*** DATASET EXCERPT Section Begins ***

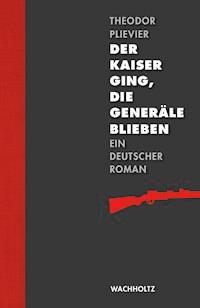 Der Kaiser ging, die Generäle blieben - Theodor Plievier - E-Book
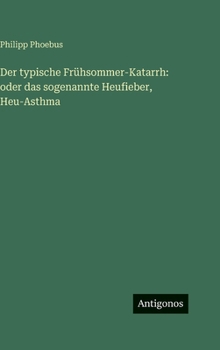 Der typische Frühsommer-Katarrh: oder das sogenannte Heufieber, Heu-Asthma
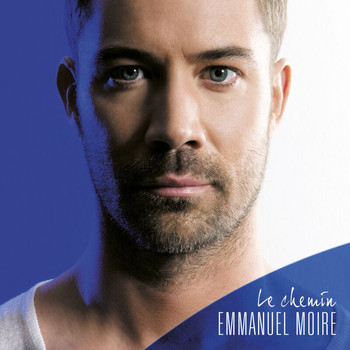Emmanuel Moire - Le Chemin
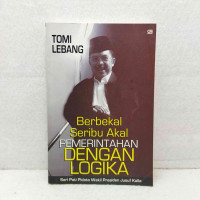 Berbekal Seribu Akal Pemerintahan Dengan Logika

*** DATASET EXCERPT Section Ends ***

DIRECTIONS:
Restate the listing word for word and drop the pictures.

RESPONSE:
 Der Kaiser ging, die Generäle blieben - Theodor Plievier - E-Book
 Der typische Frühsommer-Katarrh: oder das sogenannte Heufieber, Heu-Asthma
Emmanuel Moire - Le Chemin
 Berbekal Seribu Akal Pemerintahan Dengan Logika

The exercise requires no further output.